Emmanuel Combe a publié le 21 Mai 2024 une tribune dans Les Échos sur le protectionnisme douanier.
Protectionnisme douanier : vraiment une bonne idée ?
L’Union Européenne s’est donnée comme objectif prioritaire de développer une véritable « autonomie stratégique », visant à réduire nos dépendances à l’importation, à rattraper nos retards dans des secteurs jugés stratégiques et à préparer les ruptures technologiques de demain. Sans remettre en cause un objectif aussi légitime qu’ambitieux, on peut s’interroger sur les instruments mobilisés pour y parvenir. A cet égard, le recours au protectionnisme douanier, à l’image de la procédure anti-dumping actuellement en cours à l’encontre des voitures électriques chinoises, mérite que l’on s’y arrête.

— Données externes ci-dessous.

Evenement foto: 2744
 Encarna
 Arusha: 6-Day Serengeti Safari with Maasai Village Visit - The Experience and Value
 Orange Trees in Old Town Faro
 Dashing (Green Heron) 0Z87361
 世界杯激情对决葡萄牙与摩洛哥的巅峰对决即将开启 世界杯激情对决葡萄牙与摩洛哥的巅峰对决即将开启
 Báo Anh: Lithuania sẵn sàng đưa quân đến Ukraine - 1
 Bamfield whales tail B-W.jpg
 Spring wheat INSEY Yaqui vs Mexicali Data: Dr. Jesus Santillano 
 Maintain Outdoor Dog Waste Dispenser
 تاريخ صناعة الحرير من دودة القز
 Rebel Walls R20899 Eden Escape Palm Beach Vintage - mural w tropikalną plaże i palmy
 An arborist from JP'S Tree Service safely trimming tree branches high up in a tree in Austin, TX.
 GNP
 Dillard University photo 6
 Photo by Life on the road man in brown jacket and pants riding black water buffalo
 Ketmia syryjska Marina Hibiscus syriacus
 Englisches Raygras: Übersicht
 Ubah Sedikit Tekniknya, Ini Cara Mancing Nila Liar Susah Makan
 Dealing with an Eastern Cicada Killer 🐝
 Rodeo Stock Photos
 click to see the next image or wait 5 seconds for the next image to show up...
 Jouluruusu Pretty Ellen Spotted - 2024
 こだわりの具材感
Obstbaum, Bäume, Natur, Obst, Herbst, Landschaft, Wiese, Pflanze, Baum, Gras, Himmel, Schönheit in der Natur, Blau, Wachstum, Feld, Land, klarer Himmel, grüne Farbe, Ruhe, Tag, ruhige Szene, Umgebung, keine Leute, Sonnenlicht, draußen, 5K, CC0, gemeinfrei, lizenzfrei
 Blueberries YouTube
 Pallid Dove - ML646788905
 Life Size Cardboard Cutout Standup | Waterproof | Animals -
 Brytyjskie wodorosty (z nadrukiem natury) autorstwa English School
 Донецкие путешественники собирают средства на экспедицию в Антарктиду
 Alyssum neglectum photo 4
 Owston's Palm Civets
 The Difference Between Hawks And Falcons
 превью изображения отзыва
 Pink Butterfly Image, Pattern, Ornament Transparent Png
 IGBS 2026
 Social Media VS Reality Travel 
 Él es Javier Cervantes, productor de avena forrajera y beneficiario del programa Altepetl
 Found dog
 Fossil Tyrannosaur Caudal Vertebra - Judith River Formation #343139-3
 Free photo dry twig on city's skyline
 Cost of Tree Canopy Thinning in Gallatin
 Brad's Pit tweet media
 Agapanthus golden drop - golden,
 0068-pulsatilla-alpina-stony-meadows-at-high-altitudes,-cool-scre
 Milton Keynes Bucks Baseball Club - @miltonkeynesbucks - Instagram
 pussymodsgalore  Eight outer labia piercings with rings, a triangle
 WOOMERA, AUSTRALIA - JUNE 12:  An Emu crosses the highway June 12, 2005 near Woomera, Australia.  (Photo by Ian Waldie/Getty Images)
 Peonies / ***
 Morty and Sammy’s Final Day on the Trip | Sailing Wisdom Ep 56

Est-on vraiment certain que l’imposition de droits de douane constitue la réponse la plus efficace ? On peut en douter pour au moins 5 raisons.
En premier lieu, les droits de douane vont se traduire mécaniquement par des hausses de prix en Europe : à la fin des fins, c’est toujours le client final qui paie la facture du protectionnisme, qu’il soit consommateur ou entreprise. Dans le cas de l’automobile, un protectionnisme douanier aura pour effet de faire monter le prix des voitures électriques chinoises mais aussi européennes, désormais protégées de la concurrence chinoise. Il en résultera une perte de pouvoir d’achat pour des millions d’Européens. Cet effet peut même affecter négativement la compétitivité de nos entreprises, si elles utilisent des produits importés soumis aux droits de douane.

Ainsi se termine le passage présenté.